Pesquisa e Edição: Luiz Sérgio Castro

Em 4 de fevereiro de 1935, as páginas do jornal Diário de Lisboa estamparam uma das mais contundentes e inesperadas defesas da liberdade de associação da história de Portugal. O autor? Fernando Pessoa, o poeta dos heterônimos, que, embora nunca tenha vestido o avental maçônico, sentiu o dever ético e intelectual de erguer sua voz contra a intolerância do Estado Novo.

 O Contexto: As Sombras do Totalitarismo

Portugal vivia sob a égide de Oliveira Salazar.
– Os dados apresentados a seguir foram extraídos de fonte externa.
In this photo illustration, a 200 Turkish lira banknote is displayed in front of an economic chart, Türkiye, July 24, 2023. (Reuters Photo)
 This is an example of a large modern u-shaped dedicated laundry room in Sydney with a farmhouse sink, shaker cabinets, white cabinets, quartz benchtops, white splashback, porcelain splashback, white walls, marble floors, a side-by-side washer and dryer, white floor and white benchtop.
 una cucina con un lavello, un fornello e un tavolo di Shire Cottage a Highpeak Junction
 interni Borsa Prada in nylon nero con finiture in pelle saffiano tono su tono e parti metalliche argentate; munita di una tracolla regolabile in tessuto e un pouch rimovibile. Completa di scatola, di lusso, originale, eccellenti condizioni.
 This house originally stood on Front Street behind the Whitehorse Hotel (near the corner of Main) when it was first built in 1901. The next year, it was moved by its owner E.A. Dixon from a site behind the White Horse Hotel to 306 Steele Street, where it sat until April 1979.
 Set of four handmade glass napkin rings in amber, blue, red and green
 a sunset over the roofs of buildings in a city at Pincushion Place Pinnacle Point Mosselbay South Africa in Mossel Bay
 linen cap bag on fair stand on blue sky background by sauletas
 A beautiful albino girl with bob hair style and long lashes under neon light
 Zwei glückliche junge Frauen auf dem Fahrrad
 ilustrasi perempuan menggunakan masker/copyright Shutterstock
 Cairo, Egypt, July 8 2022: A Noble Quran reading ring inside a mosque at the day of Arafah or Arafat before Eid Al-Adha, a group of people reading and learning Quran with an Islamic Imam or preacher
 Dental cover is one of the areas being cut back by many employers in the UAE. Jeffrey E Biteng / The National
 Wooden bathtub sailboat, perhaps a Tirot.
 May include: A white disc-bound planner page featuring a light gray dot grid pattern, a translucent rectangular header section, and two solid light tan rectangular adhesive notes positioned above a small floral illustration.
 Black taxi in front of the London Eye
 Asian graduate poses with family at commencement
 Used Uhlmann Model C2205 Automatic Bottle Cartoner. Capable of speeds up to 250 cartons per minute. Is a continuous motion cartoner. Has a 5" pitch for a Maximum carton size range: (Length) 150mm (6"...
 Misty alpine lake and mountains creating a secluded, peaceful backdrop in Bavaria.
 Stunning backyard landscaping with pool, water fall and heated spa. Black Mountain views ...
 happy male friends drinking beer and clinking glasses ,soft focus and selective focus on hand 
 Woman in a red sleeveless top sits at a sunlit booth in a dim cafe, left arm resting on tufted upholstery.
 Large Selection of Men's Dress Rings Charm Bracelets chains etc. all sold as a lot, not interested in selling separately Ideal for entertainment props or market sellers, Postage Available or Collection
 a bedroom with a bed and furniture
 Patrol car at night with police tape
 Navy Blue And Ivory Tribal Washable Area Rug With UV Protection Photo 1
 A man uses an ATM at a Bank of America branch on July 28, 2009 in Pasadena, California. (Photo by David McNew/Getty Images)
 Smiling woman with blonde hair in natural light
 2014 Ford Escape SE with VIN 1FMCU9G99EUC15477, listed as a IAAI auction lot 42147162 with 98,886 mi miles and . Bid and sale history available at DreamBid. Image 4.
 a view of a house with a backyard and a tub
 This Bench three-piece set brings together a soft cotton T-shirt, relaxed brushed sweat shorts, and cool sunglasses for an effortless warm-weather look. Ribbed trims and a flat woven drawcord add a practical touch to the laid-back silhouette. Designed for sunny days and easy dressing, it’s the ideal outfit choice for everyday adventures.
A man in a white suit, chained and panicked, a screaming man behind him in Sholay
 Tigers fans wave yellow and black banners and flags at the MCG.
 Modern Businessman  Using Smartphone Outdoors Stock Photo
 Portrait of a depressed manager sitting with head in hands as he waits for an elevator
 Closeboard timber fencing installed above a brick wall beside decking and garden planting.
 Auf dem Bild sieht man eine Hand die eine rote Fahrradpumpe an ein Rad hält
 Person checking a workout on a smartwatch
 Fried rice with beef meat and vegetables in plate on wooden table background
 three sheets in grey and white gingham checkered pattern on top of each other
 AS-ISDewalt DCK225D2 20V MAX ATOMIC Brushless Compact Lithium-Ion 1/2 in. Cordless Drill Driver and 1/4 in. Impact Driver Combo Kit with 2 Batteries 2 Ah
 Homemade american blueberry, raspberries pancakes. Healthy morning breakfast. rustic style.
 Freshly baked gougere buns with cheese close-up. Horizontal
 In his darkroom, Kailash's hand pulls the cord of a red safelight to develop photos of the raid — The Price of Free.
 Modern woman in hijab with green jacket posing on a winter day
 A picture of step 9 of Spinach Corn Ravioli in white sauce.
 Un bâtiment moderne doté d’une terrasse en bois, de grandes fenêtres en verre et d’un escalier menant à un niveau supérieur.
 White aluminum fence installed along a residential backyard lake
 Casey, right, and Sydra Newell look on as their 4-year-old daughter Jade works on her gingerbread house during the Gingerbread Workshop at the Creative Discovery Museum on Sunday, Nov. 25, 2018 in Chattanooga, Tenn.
O regime preparava o terreno para a Lei n.º 1901, que visava proibir as chamadas "sociedades secretas". O alvo principal era a Maçonaria, vista pelo regime como um reduto de pensamento liberal, republicano e, portanto, perigoso à estabilidade da ditadura.

Foi nesse cenário de repressão iminente que Pessoa publicou o artigo intitulado simplesmente "A Maçonaria".

A Defesa de um "Não-Maçom"

Pessoa começa o texto com uma honestidade desarmante: declara-se expressamente não-maçom. No entanto, sua defesa não era por afinidade ritualística, mas por um imperativo de justiça e cultura.

Os principais pilares do argumento de Pessoa foram:

 A Maçonaria como Instituição Civilizadora: Pessoa argumentou que a Ordem não era uma conspiração política, mas uma escola de fraternidade e espiritualidade que contribuiu imensamente para a formação da civilização ocidental.

 O Erro da Intolerância: Para o poeta, proibir a Maçonaria era um ato de "ignorância agressiva". Ele via na perseguição uma tentativa do Estado de esmagar a individualidade e o livre-pensamento.

 Conexão Espiritual: Sendo um profundo estudioso do esoterismo, Pessoa compreendia a linguagem simbólica da Maçonaria melhor do que muitos iniciados. Ele defendia que o "segredo" maçônico não era um crime oculto, mas uma dimensão da busca humana pela verdade.

 O Triste Desfecho de 1935

A "brilhante defesa" de Pessoa, embora tenha ecoado nos círculos intelectuais e causado desconforto no governo, não foi suficiente para deter a máquina legislativa de Salazar.

A cronologia daquele ano foi implacável:

1. 4 de Fevereiro: Publicação do artigo de Pessoa.

2. Maio de 1935: A Lei n.º 1901 é oficialmente promulgada.

3. Consequência: A Maçonaria e outras ordens (como a Carbonária) foram postas na ilegalidade. Suas sedes foram fechadas, seus bens confiscados e seus membros vigiados pela polícia política (PIDE).

 O Legado do Gesto

Fernando Pessoa faleceria pouco depois, em novembro do mesmo ano, deixando esse artigo como um de seus últimos grandes atos públicos. A defesa da Maçonaria por um "estranho à Ordem" permanece até hoje como um símbolo de que a liberdade de consciência é um valor universal, que deve ser defendido mesmo por aqueles que não pertencem ao grupo atacado.

 "A Maçonaria é uma instituição que, através dos tempos, tem mantido acesa a chama da fraternidade e do aperfeiçoamento humano." — Um sentimento que Pessoa imortalizou em prosa, antes que o silêncio da censura caísse sobre Portugal por quase quatro décadas.